They were awesome founders. They had great ideas, but small changes to the way they pitched and communicated and followed up made, make all the difference. So that's where I realized I had a lot of natural skillsets and those things were more so my superpower and my parents always used to joke that I should pitch for a living instead of actually running that company, I was in the CPG space. So I am much more in my power now. It's, we focus a lot on serving female and underrepresented founders as well, because less than 1.6% of those groups.
are end up raising venture capital. And there are a lot of non dilutive opportunities as well for founders. So it became our mission really to help them get funded faster. And I have an awesome business partner who spent 25 years in finance and is an active angel in over 19 companies. So you have both perspectives of a serial entrepreneur and storytelling expert, and then someone who's a due diligence and finance expert supporting our founders as well.
Tzakhi (03:09.615)
Amazing, yeah, and I know that once you take a client, you go a long distance with them and you go and make personal introductions for them and help them actively succeed in raising and probably that's part of the reason you're so successful with helping founders raise capital. So that's great. I'll tell you what I want us to talk about. Obviously you have a lot to say and you could probably...
teach founders a lot about pitching. That's the main, that's the name of your company. But I wanna take a step before that and look at the two types of capital that you help founders raise. One is capital that is for equity from angels and VCs, and the other is non-dilutive funding. And can we, can you just?
give me like a bit of clarity on how to think of those two types of investments and who should go for which.
Kat Weaver (04:20.81)
Absolutely. So on the grants and non-dilutive side, that means that if you're going for a grant, it's not a loan. It's not something you pay back. It is essentially and usually free money that most of the time you're not even checked up upon what you do with it. Of course, it should be going to the company and that's the whole purpose, but it essentially becomes a check in the mail at the end of the day. It could come in the form of a written application, a live pitch, a virtual pitch, or
There's also government grant funding as well. They're a bit more arduous of a process, but there's a ton of options on the non-dilutive side, and they're typically great for founders under a million in revenue or venture capital raised. Typically, it should be something proprietary of a company. You're going after something that's not easily copyable, it's not a franchise model, should not really be an agency, and it doesn't have to be something tangible, and you could be pre-revenue.
But the whole point of a grant or nondilutive option is that it's giving you a little kickstart. And then the organization sponsoring the grant, they benefit by getting a tax write-off, and it's PR for them, and then it also becomes PR for you. So there are a ton of benefits for going the grant route. It's also great for networking, building the network and marketing. So a lot of factors outside of the actual monetary portion. And checks typically range on the corporate enterprise level anywhere between, you know,
as small as $1,000 upwards of $200,000 plus dollars, or even in-kind services. For example, crediting towards a law firm or marketing company, or it can be actual cash. And then for a founder who wants to go the VC route, there's a lot of, I think, misinformation and hype around being a VC backable company and raising money from investors and giving up equity and going on Shark Tank or what is it, Dragon's Den that's in Canon and a lot of these big shows where...

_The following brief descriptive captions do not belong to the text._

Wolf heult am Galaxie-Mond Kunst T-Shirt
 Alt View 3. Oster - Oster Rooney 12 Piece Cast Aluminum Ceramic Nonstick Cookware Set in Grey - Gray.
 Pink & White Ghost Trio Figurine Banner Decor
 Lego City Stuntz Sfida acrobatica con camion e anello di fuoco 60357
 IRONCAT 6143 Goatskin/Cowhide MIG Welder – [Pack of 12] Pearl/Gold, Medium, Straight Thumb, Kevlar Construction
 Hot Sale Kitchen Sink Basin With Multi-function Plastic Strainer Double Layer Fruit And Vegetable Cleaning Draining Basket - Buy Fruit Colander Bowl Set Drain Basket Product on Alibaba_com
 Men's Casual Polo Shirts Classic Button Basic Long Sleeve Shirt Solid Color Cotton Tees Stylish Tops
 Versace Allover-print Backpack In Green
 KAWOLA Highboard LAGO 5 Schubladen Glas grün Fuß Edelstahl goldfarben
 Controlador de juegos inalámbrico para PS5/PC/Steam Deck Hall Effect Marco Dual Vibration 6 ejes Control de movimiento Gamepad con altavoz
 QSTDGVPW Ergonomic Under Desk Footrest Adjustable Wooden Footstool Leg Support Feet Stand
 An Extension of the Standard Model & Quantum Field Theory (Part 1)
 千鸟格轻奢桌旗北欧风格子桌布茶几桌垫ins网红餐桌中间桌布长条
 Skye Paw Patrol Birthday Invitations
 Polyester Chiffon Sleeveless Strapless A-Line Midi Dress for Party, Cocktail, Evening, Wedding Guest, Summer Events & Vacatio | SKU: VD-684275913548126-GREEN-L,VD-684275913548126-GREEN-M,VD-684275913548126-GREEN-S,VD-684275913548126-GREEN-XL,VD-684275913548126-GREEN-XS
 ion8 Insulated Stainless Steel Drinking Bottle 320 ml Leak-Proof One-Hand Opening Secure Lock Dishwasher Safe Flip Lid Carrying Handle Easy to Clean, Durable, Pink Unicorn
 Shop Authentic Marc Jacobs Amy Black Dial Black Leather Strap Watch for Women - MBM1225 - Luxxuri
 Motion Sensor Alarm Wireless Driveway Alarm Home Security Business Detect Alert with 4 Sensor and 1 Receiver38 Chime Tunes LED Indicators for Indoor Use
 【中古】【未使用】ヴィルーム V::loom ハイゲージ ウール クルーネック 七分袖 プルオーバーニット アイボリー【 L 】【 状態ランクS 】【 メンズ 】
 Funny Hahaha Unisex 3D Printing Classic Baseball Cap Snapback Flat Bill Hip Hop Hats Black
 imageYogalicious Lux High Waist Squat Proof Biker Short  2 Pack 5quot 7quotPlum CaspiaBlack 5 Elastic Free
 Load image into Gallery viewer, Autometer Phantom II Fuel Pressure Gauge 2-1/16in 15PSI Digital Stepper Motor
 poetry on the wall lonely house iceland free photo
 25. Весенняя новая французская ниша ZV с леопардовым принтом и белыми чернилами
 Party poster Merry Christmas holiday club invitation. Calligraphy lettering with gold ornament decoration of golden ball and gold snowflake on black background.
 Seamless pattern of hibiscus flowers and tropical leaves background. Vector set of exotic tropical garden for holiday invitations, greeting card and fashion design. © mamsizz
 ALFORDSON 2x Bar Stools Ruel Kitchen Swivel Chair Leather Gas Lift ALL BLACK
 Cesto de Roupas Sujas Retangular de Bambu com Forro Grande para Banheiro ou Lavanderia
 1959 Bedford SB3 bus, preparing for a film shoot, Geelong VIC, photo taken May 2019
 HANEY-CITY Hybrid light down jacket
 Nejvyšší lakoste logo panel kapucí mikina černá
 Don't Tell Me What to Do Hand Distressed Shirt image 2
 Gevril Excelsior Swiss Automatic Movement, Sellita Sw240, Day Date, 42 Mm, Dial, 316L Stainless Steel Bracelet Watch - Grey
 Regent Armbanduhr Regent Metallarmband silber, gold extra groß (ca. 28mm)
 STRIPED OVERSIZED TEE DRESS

When you're giving up equity in a piece of your company, that is almost forever. That is like getting into a marriage with someone because it is so much more expensive and hard to get that equity back. So even debt is cheaper than equity. If you were to take on a loan or do revenue-based financing, that's also another great option for founders. But when you wanna go the VC route, the whole point is that an investor is going in, one, because they have a strategic contact and wanna support you, and two, they wanna make money. They want a certain level of return on their investment over a certain period of time.
Kat Weaver (06:44.042)
It typically should be around between the 3 to 10 year mark. There's no exact answer, but an investor wants you to 5, 10, 50, 100x their money. In the earlier stages, investors give you money because there's a huge risk involved with that too. You could fail, you could take the money and run. You could see tons of horror stories of even people who are on the cover of Forbes who did crazy horrible things with investors' money, but the goal is that they're expediting your route to an acquisition.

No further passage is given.